Collected data entries:
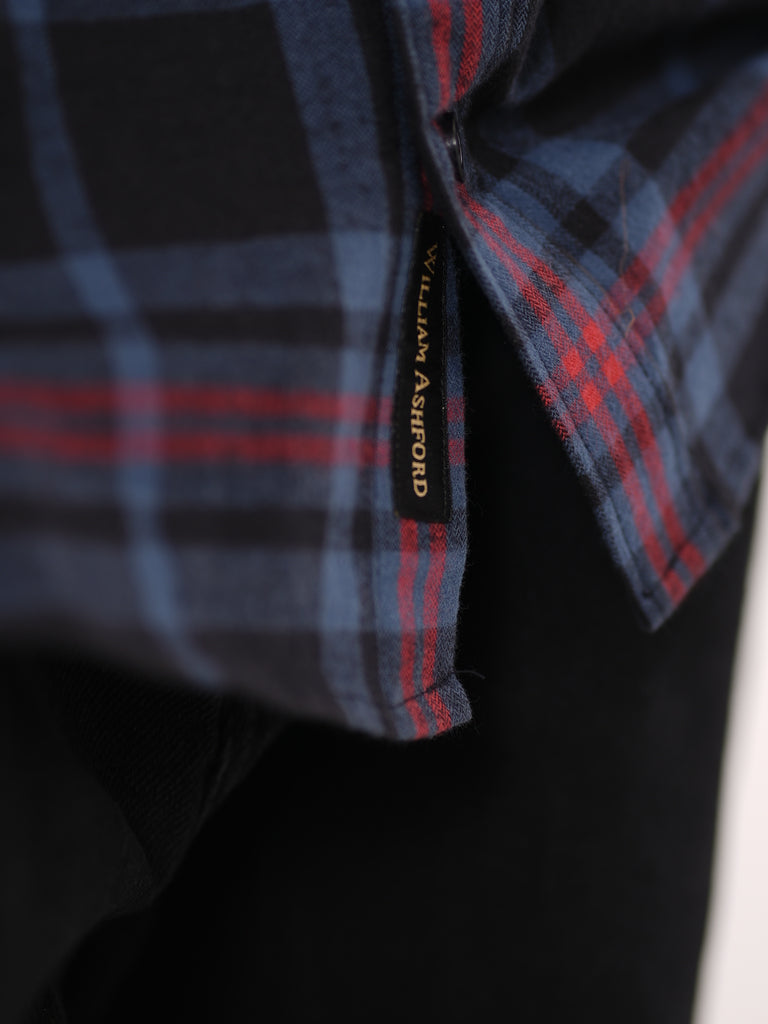 William Ashford Classic Plaid Flannel Shirt in Navy & Red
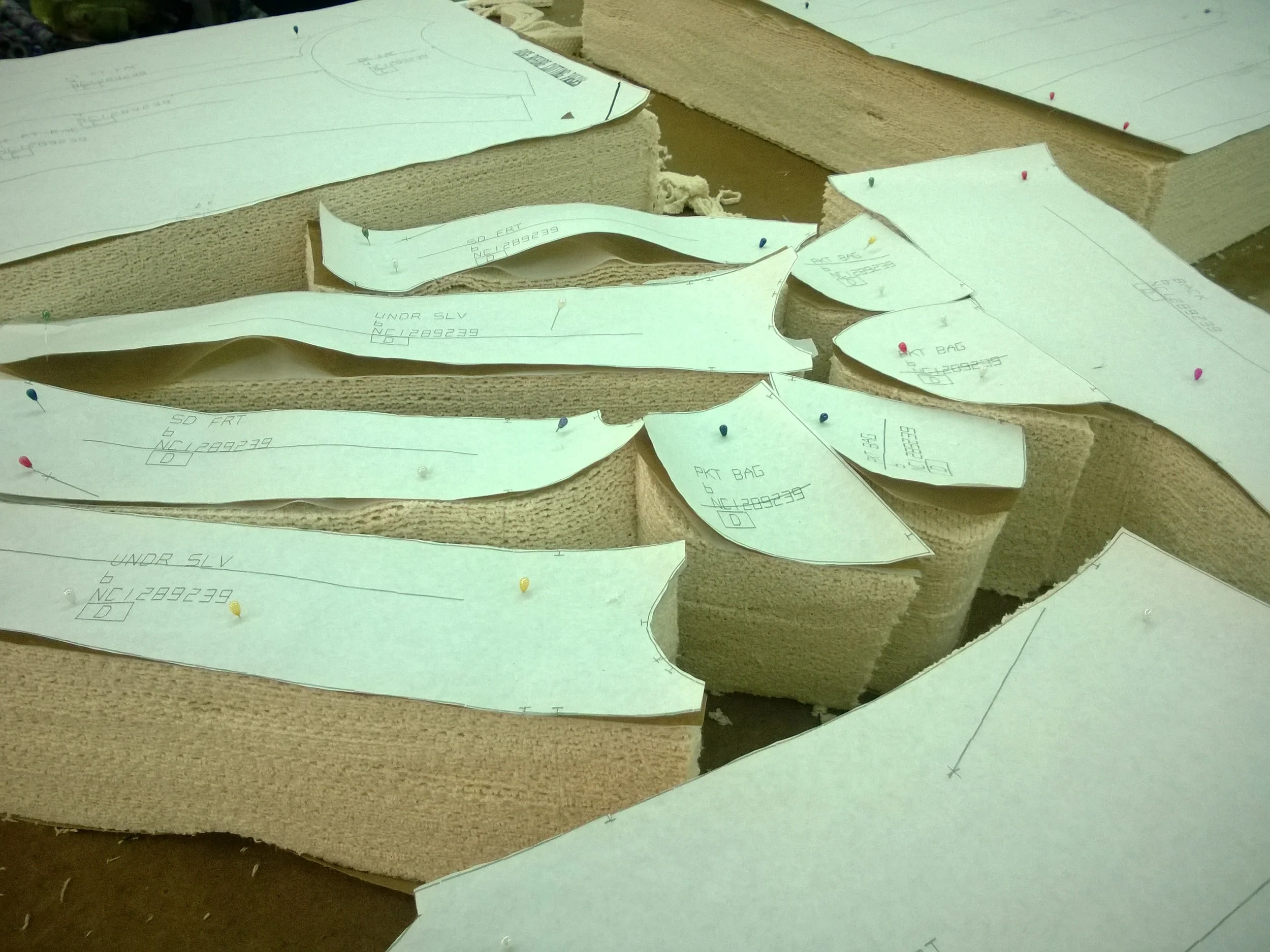 This is what a finish cut looks like, the cutter cut the pattern pieces following the marker.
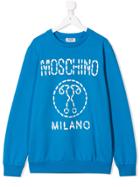 Moschino Kids Trompe L'oeil Stitched Logo Sweatshirt - Blue
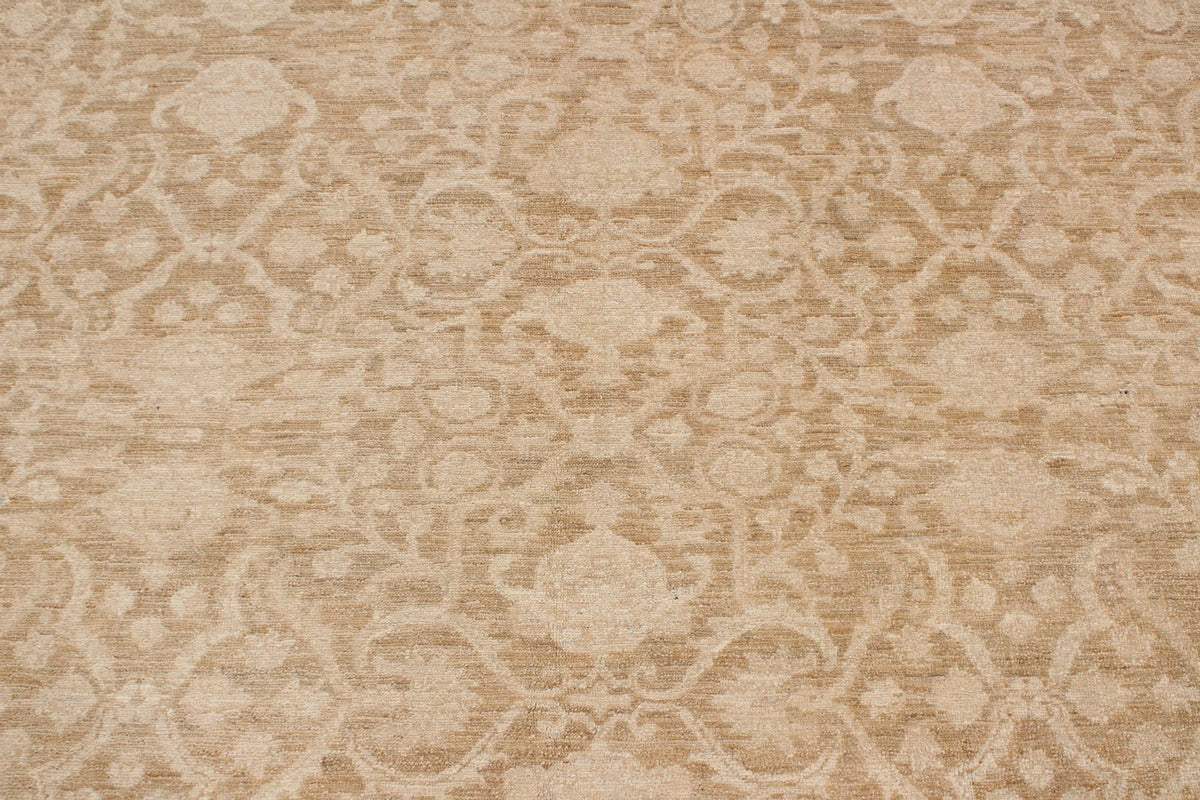 8x12 Brown and Ivory Turkish Oushak Rug
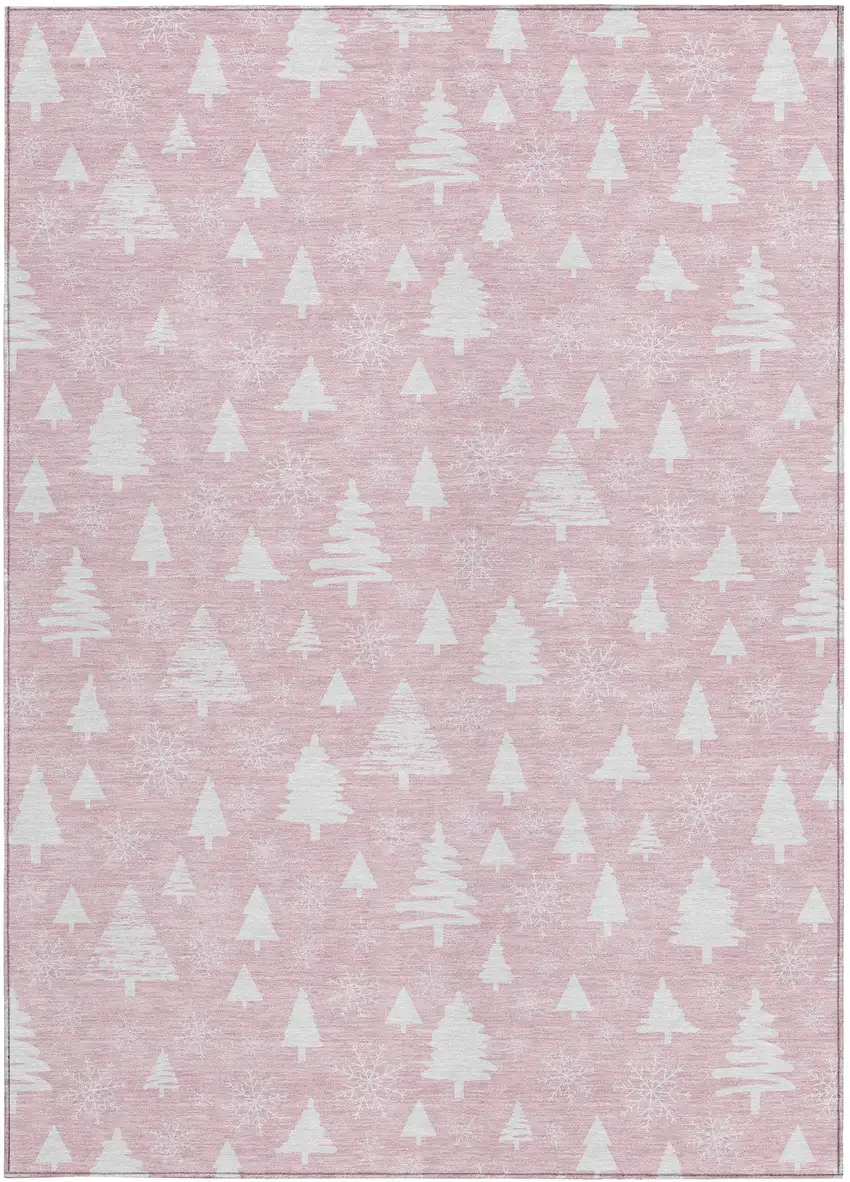Pink And Ivory Botanical Leaves Washable Indoor Outdoor Area Rug Photo 4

- WHAT IS EXPECTED: Pictures aside, reproduce all of the data exactly.

- OUTPUT:
 William Ashford Classic Plaid Flannel Shirt in Navy & Red
 This is what a finish cut looks like, the cutter cut the pattern pieces following the marker.
 Moschino Kids Trompe L'oeil Stitched Logo Sweatshirt - Blue
 8x12 Brown and Ivory Turkish Oushak Rug
Pink And Ivory Botanical Leaves Washable Indoor Outdoor Area Rug Photo 4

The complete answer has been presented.